Canon 500mm f4.5, Canon mirrorless digital.
Current "success_popularity of start ups like Intrepid" are due more to a marketing moment than cost alone. As previously mentioned, this view camera stuff has changed much since the film era before year 2000. See this Midwest Photo Ad from 1995. Note the resale value of lightweight field folders -vs- GOOD monorail cameras and all related items. The view camera market pre year 2000 was (again) studio made color transparency images using 4x5. Field folders were very affordable back then. In ways field folders have become less affordable due to the current Foto market fashion of view cameras.

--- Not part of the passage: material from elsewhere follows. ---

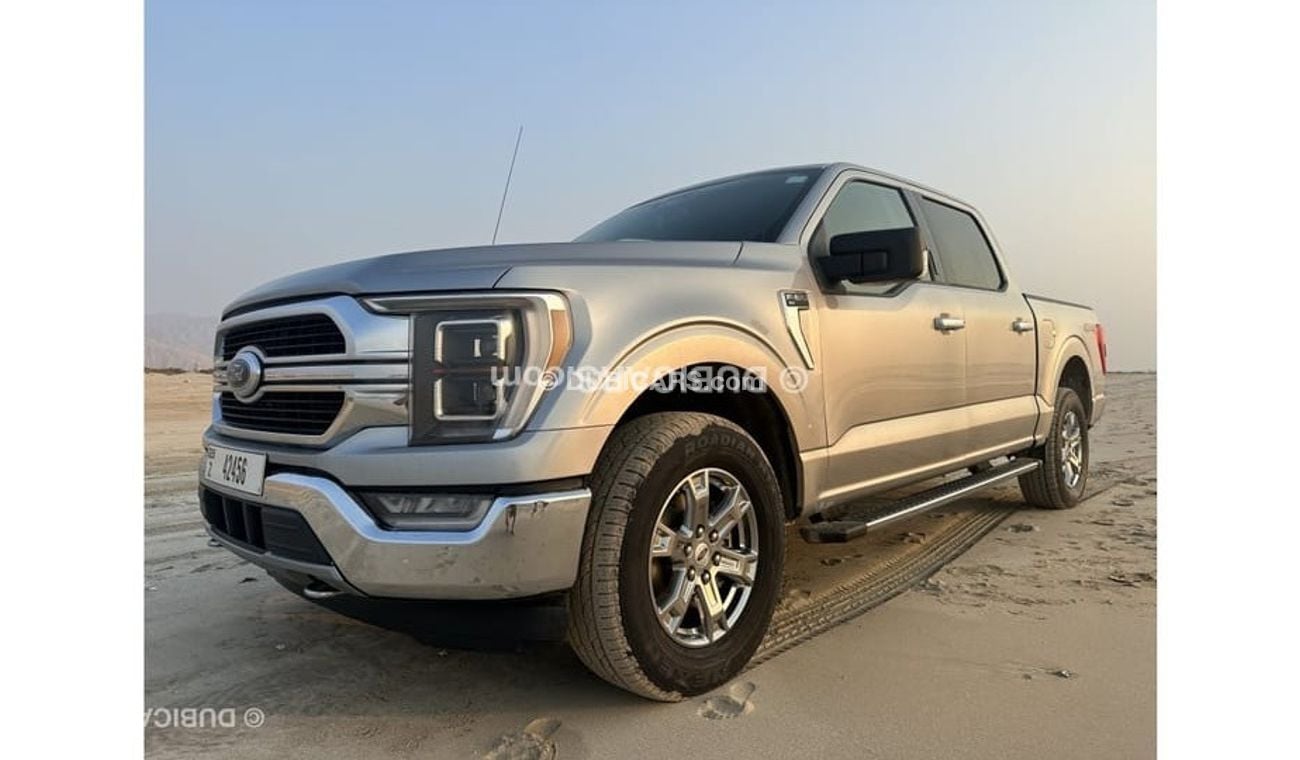 فورد F 150 XLT V6 2.8L 300 HP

The assertion of low cost view cameras such as the Intrepid has made this view camera stuff available to many Foto folks today is not an assertion that can be proven or well supported by market realities and facts-truths of what is the current view camera and relate of today. Before Intrepid, there was the Bender view camera kit and similar DIY view cameras.
Positive note about the current Foto fashion of view camera, it does create a demand for sheet film. If not for this demand in what ever camera used, related print making process and such sheet film availability would have died. If the availability of sheet film dies off, that is where the real problems of producing any sheet film images begin.
Bernice
As for lightweight field folders and Ansel Adams style landscapes... In his later years, Ansel used a Horseman L monorail LOTs... Why?
Previously mentioned numerous times, Horseman L series monorail cameras were one of the most excellent monorail camera bargains for a long time. They can cost less than an Intrepid or similar current fashion view camera yet offer FAR more in what a view camera can be and do.
Bernice
The question is about lighter weight and portability. Ansel gave up on a backpack 40 years before my current age; and I'm still doing it. Lightweight folders have been around a long time too; but they weren't all that rigid, at least compared to certain current options. And ultralight monorails like the Gowland were inevitably prone to vibration. Everything is some kind of compromise. The nice thing about system monorails like Sinar is that you can reconfigure them for a wide variety of applications. I've seen images of AA with a Sinar too. But there are good reasons I own both an 8x10 and 4x5 folder as well as Sinar gear. Love em all, but do choose one over another logistically, as needed.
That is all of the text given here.